What the exercise asks: Every line in the data below has to be repeated exactly; no picture belongs in the result.

Information supplied:
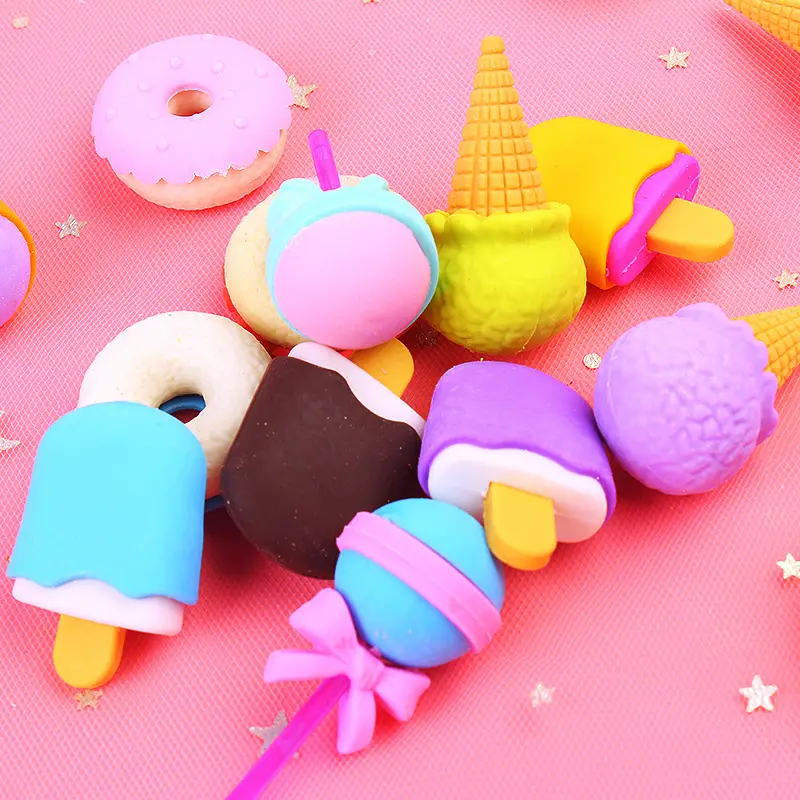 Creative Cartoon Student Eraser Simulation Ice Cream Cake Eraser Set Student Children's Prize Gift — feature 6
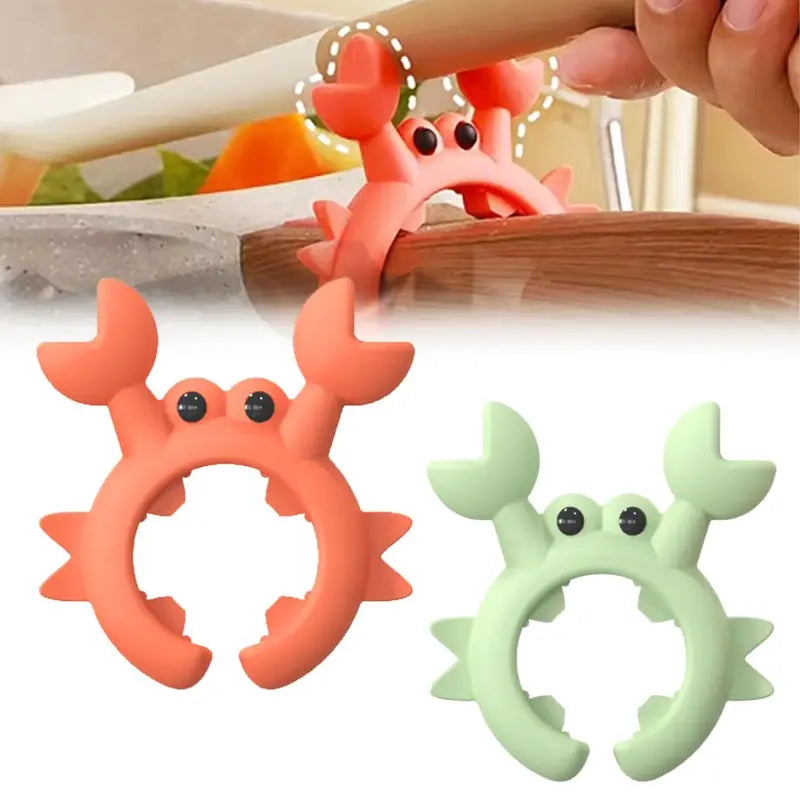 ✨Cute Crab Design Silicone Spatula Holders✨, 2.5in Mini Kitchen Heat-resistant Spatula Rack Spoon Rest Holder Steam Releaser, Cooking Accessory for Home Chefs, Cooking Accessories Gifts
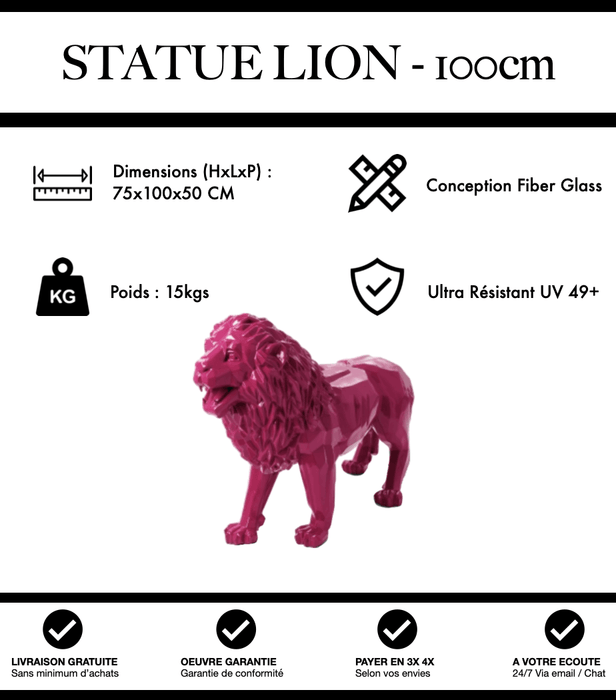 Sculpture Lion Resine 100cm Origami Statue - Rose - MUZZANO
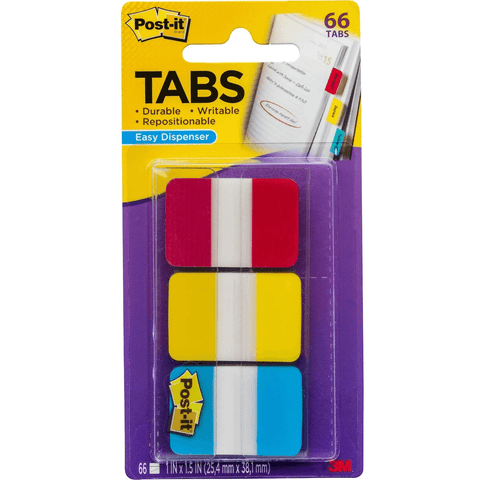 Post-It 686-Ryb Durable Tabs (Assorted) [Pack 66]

Answer space:
 Creative Cartoon Student Eraser Simulation Ice Cream Cake Eraser Set Student Children's Prize Gift — feature 6
 ✨Cute Crab Design Silicone Spatula Holders✨, 2.5in Mini Kitchen Heat-resistant Spatula Rack Spoon Rest Holder Steam Releaser, Cooking Accessory for Home Chefs, Cooking Accessories Gifts
 Sculpture Lion Resine 100cm Origami Statue - Rose - MUZZANO
 Post-It 686-Ryb Durable Tabs (Assorted) [Pack 66]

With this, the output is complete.